Magari ci sta che la City possa giocare in proprio rispetto a Francoforte e dunque può essere Brexit.
È cinica questa UE. E lo sono i suoi leader che passano per le sliding doors tra finanza e politica.
I trattati hanno sostituito le costituzioni dichiarate da molti incompatibili.
Anche la cittadinanza si fa relativa e non solo per i migranti. Mobilità e soggiorno sarebbero tra i diritti dell’Unione ma limitati dal reddito.

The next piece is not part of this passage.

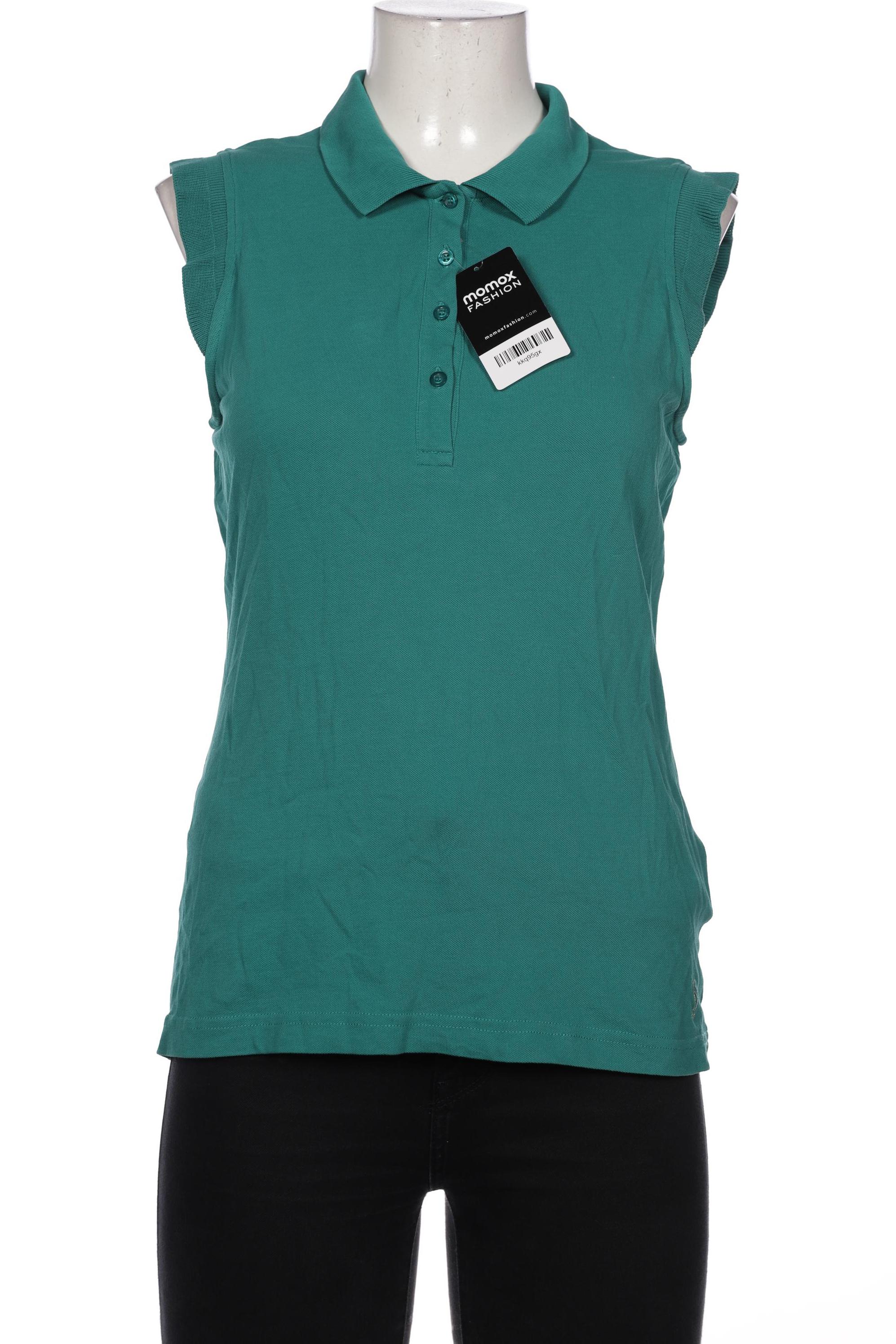 Thumbnail - Golfino Damen Poloshirt, türkis, Gr. 40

Pensioni, salute e assistenza nella disoccupazione divengono i tre grandi filoni da trasformare da diritti di cittadinanza a fondo finanziario europeo secondo il progetto di Ursula Von der Leyen che si prende la guida d’Europa insieme a Lagarde.
Che esce dalla porta girevole del Fmi, storico gestore delle politiche di “aggiustamento” strutturale sulla pelle dei Paesi terzi, compartecipe con la Troika del sadismo contro la Grecia.
Dalla Bce esce Draghi, dopo 10 anni di austerity passati a stampar denaro per le banche in cambio di sacrifici per le persone. Subito il Pd gli offre la Presidenza della Repubblica. E la destra non disdegna. D’altronde da Maastricht in poi hanno votato insieme quasi tutto.
Anche la risoluzione con cui il Parlamento Europeo ha reiventato la seconda guerra mondiale e equiparato nazismo e comunismo.
Chissà se hanno pensato di festeggiare così i 30 anni dall’89.
In realtà loro le speranze dell’89 le hanno uccise.
Erano quelle di ricongiungere uguaglianza e libertà ed invece si sono riconnessi mercificazione e nazionalismi.
L’Europa dall’Atlantico agli Urali, alternativa alla globalizzazione capitalistica era ciò per cui si impegnarono ben prima dell’89 Berlinguer, Brandt e Palme. E il movimento pacifista che lottava contro i missili degli USA e dell’Urss.
Questa è la Europa che doveva nascere dal’89. Non è stato così. E uccidere la speranza è la colpa più grave.
Riaccendere la speranza è ciò che dobbiamo fare. Per farlo occorre abbattere i nuovi muri innalzati dal capitalismo, dai razzismi, dai nazionalismi.